The reason for the European Medicine Agency’s alteplase restriction was concern over a potential increased risk of symptomatic, treatment-related intracranial hemorrhage in older people, and the fact that there was not yet enough clinical evidence for the safety and effectiveness of alteplase and other recombinant tissue plasminogen activators in this patient group, as older people had been under-represented in clinical trials.
Yet, as the BMJ study’s investigators, led Dr. Kennedy R. Lees of the University of Glasgow (U.K.), noted in their analysis, some 30% of stroke victims are over age 80, and the percentage of people in this age group is growing in developed nations. In the study Dr. Lees and his colleagues built upon years of increasing speculation that thrombolysis, administered within 3 hours after stroke, was effective and safe in this patient group too, with clinicians increasingly administering it and reporting good outcomes.
The SITS registry provided Dr. Lees and his colleagues an ongoing source of data on elderly patients who had received thrombolysis. Of the 29,500 stroke patients available for analysis, 3,439 were older than age 80 (mean age 84.6 years). A total of 23,334 patients had undergone thrombolysis with alteplase (mean 145 minutes after stroke onset). Data on 6,166 patients who did not receive thrombolysis but received placebo or a neuroprotective agent were available from the VISTA registry, and these patients served as controls. Median baseline stroke severity was equal for patients and controls (median National Institutes of Health (NIH) stroke scale score 12). A total of 272 patients from both groups were removed from the analysis for missing stroke severity data, leaving data on 29,228 available for final analysis.
Dr. Lees and his colleagues found that functional outcomes 90 days post stroke, measured by modified Rankin scale scores, which measure debilitation, were significantly better in patients who received thrombolysis, and that this was true in patients both younger than 80 years (odds ratio 1.6) and over 80 years (OR 1.4). The number needed to treat for one more elderly patient to achieve a favorable Rankin score of 0-2 (no disability or slight disability that does not affect independence) at 3 months was 8.2, compared with 8.5 for younger patients.
Rates of intracerebral hemorrhage – avoidance of which was the original rationale for denying thrombolysis to older patients – were shown to be only slightly increased in the older patients, depending on how the hemorrhage was defined and diagnosed.

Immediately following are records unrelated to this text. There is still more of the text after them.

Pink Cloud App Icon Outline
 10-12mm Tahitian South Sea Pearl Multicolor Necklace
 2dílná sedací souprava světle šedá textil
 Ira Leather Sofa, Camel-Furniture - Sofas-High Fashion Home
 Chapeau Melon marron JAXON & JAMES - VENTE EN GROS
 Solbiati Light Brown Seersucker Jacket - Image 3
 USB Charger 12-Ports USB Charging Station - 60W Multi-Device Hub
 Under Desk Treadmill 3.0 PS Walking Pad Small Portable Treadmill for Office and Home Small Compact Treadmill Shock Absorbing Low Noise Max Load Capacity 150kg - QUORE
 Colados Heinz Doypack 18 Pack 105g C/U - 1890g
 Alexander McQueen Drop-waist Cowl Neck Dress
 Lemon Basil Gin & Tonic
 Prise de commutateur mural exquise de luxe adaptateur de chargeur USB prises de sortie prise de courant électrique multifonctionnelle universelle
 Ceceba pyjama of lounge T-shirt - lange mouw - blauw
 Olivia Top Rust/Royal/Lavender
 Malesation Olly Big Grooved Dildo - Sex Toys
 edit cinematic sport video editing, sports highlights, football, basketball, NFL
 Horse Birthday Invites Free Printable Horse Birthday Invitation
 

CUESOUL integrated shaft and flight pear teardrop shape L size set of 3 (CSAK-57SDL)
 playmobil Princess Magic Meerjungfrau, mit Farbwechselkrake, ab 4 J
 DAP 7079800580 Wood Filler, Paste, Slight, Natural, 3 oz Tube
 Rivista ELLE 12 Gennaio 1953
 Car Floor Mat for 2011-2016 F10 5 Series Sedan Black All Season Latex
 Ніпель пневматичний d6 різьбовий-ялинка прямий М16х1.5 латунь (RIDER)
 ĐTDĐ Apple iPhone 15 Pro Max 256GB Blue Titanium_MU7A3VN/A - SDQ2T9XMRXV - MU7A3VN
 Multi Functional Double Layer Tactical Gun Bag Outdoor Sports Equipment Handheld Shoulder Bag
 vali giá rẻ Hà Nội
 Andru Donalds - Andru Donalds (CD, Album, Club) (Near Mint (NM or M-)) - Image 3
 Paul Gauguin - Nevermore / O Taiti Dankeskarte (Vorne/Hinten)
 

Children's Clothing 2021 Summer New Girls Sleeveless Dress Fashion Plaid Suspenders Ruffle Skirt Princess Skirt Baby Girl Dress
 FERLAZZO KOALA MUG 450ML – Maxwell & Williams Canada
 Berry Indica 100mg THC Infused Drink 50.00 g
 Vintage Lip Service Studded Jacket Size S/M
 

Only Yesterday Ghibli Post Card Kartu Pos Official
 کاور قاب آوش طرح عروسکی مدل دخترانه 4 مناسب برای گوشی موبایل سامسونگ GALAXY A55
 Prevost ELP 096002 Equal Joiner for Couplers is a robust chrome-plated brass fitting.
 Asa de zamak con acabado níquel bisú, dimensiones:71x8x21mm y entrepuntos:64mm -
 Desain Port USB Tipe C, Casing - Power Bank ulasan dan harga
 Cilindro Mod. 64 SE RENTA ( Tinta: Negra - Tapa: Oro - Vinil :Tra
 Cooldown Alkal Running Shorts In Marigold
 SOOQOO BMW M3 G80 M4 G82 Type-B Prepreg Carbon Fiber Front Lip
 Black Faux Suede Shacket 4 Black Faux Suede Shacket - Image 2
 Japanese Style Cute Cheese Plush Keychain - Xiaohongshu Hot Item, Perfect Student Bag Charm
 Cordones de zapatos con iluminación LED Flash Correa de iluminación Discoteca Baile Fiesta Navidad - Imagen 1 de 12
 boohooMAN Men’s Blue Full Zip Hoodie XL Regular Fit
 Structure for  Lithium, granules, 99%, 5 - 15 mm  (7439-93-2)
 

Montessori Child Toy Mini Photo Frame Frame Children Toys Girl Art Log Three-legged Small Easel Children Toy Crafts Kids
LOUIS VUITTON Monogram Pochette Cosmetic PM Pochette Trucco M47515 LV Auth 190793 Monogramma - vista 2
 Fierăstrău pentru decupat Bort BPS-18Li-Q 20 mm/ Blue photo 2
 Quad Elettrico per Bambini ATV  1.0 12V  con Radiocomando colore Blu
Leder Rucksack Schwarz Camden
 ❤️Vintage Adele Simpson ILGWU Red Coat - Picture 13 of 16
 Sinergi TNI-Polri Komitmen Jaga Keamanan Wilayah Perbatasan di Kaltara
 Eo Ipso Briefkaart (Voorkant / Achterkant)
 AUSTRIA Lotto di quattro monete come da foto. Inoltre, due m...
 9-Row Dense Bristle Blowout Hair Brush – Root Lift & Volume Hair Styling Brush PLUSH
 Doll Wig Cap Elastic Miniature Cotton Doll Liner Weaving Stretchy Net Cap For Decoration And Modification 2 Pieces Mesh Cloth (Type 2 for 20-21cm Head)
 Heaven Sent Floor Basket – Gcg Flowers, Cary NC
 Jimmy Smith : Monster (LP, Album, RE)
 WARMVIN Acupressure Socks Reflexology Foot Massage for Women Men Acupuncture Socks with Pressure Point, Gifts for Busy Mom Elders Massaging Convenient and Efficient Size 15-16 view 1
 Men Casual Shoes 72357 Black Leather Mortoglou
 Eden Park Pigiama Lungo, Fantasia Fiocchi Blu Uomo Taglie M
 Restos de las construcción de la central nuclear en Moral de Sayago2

Symptomatic hemorrhage occurred in 2.5% of the 80 and older group and 1.9% of the younger patients, according to a SITS definition, and in 11% vs. 8.3%, respectively, when measured according to an NIH definition. However, the odds ratio for mortality was almost exactly the same – 0.89 (0.76-1.04) in elderly patients receiving thrombolysis, compared with 0.87 (0.79-0.95) in younger patients.
The investigators saw no benefit associated with thrombolysis in patients older than 90 or younger than 40. However, they noted, "the small number of patients in these groups greatly reduced statistical power for these analyses, and the trends mostly followed the same pattern as for intermediate ages." They concluded that clinical treatment guidelines "should be revised to remove the age restriction in use of intravenous alteplase for acute ischemic stroke. Age alone should not be a barrier to treatment."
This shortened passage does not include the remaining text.